Тогдашнее младшее поколение Колобовых — Женя и Таня — были примерно моими ровесниками, и я часто бывала у них в гостях, в последний раз осенью 1941 года. Большой одноэтажный деревянный дом Колобовых стоял как раз напротив собора в том же порядке домов, что и изба бабушки. Был он темен снаружи и мрачен внутри, вероятно, от громадности комнат со старыми неоштукатуренными бревенчатыми стенами. В одной из комнат стоял рояль и было много книг, но даже эти признаки интеллигентных интересов и привычек не меняли общего впечатления аскетической простоты быта и некоторой запущенности. С задней стороны к дому примыкал низкий открытый балкон с длинным столом и узкими лавками, несколько широких и длинных ступеней вели во фруктовый сад, где, кажется, были и ульи. И сам дом Колобовых, и простота его убранства, и балкон — все это походило на те дома обедневших помещиков, в которых жили мои деды и прадеды с материнской стороны. На выцветших фотографиях маминого детства я видела точно такие же бревенчатые стены, низкие балконы и широкие окна, такую же простоту одежды и утвари, что была характерна для быта всей демократической интеллигенции, быта и привычек, порожденных эпохой народничества, но сохранившихся еще долго, вероятно, вплоть до самой Отечественной войны. Только в отличие даже от самых бедных помещиков сад у ландехских учителей, конечно, был не больше бабушкиного огорода. Был у Колобовых, как и у всех ландехских крестьян, и свой «дальний покос», где они сами работали.

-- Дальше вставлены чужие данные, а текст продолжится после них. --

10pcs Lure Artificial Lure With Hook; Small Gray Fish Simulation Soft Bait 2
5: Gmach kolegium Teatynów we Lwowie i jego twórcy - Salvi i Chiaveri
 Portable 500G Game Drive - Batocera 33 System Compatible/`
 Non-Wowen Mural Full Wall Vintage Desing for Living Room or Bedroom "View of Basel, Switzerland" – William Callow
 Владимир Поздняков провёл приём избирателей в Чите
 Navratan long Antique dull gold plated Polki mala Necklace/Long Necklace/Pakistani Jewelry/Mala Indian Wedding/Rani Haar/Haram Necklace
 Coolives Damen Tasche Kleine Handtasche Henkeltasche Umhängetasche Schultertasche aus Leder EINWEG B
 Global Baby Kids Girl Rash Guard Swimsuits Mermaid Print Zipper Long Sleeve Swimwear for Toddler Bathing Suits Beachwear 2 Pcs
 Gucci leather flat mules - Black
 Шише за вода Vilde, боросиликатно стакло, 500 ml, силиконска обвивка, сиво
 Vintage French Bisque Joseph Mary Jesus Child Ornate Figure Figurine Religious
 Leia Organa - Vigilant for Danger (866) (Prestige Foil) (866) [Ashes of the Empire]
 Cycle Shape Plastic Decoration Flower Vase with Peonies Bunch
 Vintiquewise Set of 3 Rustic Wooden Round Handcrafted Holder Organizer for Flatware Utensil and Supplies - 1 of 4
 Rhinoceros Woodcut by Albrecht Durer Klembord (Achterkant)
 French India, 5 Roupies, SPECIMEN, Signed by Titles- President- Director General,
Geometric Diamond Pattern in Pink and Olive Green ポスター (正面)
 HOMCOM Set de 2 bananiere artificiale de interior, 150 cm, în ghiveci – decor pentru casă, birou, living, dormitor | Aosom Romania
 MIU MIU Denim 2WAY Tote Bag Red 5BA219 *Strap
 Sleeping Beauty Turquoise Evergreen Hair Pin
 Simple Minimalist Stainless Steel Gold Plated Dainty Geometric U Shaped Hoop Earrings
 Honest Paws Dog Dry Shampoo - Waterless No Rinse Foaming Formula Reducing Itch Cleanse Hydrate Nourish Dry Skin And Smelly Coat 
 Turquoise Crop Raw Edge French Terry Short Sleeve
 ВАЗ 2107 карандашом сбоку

Впрочем, кажется, у них работал в основном старший сын Ивана Борисовича от первого брака Серега-дурачок, взрослый сильный мужчина с умом шестилетнего ребенка — типичная фигура старой деревни, часто имевшей своего дурачка — предмет скудных развлечений и насмешливо-богобоязненной заботы.
Представить себе старшее поколение ландехских учителей молодыми, какими они были в детстве моего отца, не могу, почти ничего не зная о той поре. Уж очень был скуп на воспоминания мой скромный молчаливый отец. Редко-редко расскажет, как ходили они мальчишками в канун Рождества славить Христа по избам. Или как катались с горы на обледенелых решетах вместо санок. Или как послали их, восьмилетних, матери на богомолье на Свято-озеро в монастырь, дав с собой заварку чая, а они решили его «заварить» в самом озере, из которого прямо и пили в том самом месте, куда всыпали чай, запивая холодной прозрачной водой пироги с луком и кокуры. Впрочем, последний рассказ уж больно смахивает на один из тех простодушных анекдотов, которые передаются в деревне с охотой из поколения в поколение. Только больше-то вспомнить мне нечего.